Douze facettes en 1999

Comment garder le feu sacré sans se brûler? Comment ne pas sacrifier la qualité à la quantité? Comment avoir une carrière à la fois prestigieuse et heureuse, gratifiante et généreuse?

Au cours de la prochaine année, nous présenterons douze facettes de la réussite personnelle, en tenant compte de plusieurs pôles : les résultats et la satisfaction, l’opportunité et la nécessité, l’action et la réflexion, la vie publique et la vie intérieure!

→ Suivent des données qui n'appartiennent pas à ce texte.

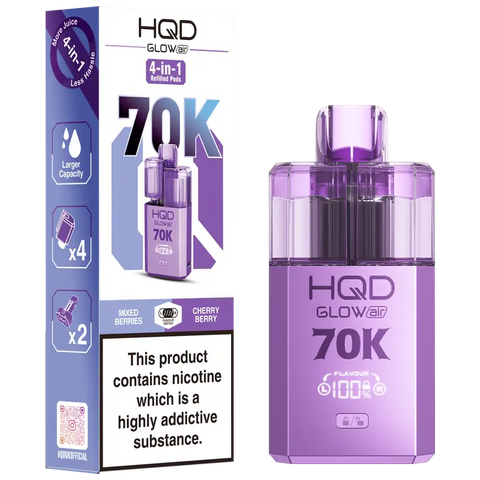 HQD Glow Air 70k Vape Kit Mixed Berries & Cherry Berry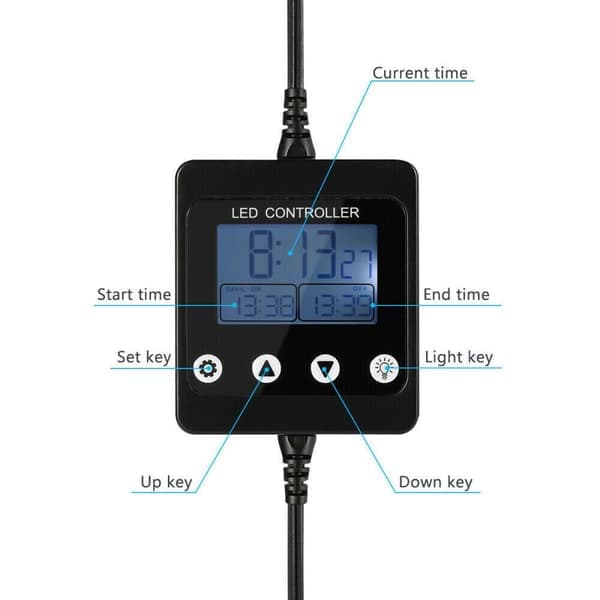 LED Lys Timer Dimmer Kontroller Lyskontroll
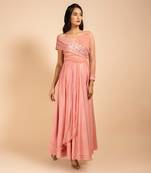 Assymteric One Shoulder Gown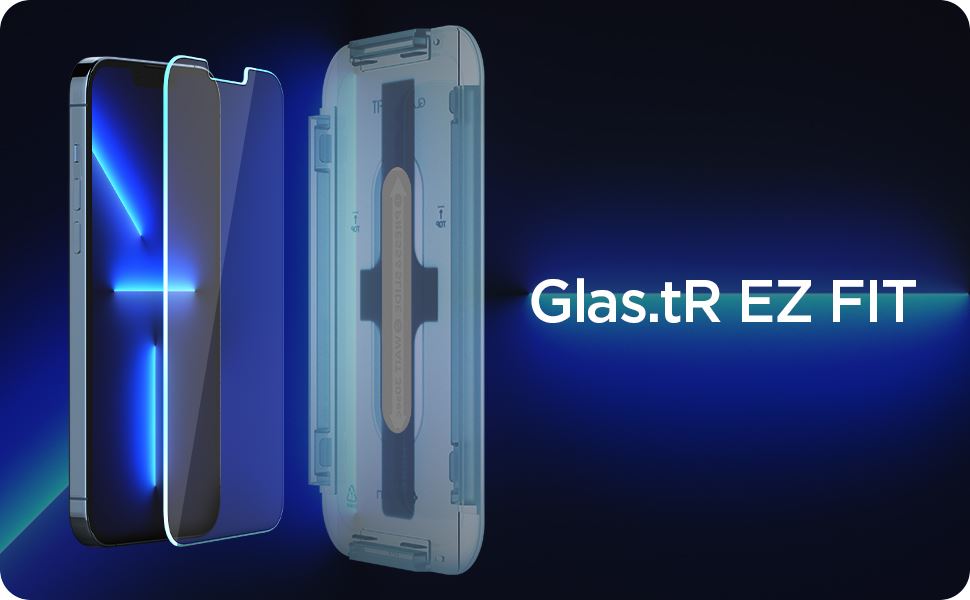 Spigen Glass tR EZ Fit HD open sensor 1 Pack - iPhone 14 Plus/13 Pro Max (2)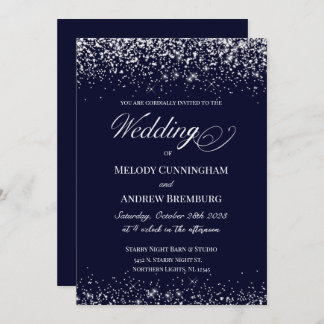 Inbjudan till elegant bröllop; flottan med diamant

Nous verrons que l’on devrait construire sa carrière comme on élève un enfant. Quand un enfant vient au monde, on ne lui fait pas un plan de vie. On ne le fait pas souffrir dans le but de le rendre heureux plus tard. On prend le temps de le connaître, on l’aime et on l’aide à grandir dans l’équilibre, le plaisir et l’harmonie. On s’en occupe, on le stimule, on lui consacre du temps, on ne le perd jamais de vue. Enfin, on lui enseigne à devenir de plus en plus conscient et responsable face à lui-même.

En attendant le début de 1999, posez-vous ces questions : suis-je heureux? est-ce que je rends les autres heureux? Si oui, prenez conscience des clés de votre bonheur, de votre succès et de votre influence bénéfique sur les autres, et continuez. Si non, prenez le temps de voir ce qui ne va pas et commencez à vous occuper de vous-même.

Car la réussite personnelle, ce n’est pas comme la grâce sanctifiante. Elle ne vous tombera pas dessus la nuit de Noël. Vous la gagnerez jour après jour avec de l’amour, de l’attention, de l’intelligence, de la discipline et de la patience!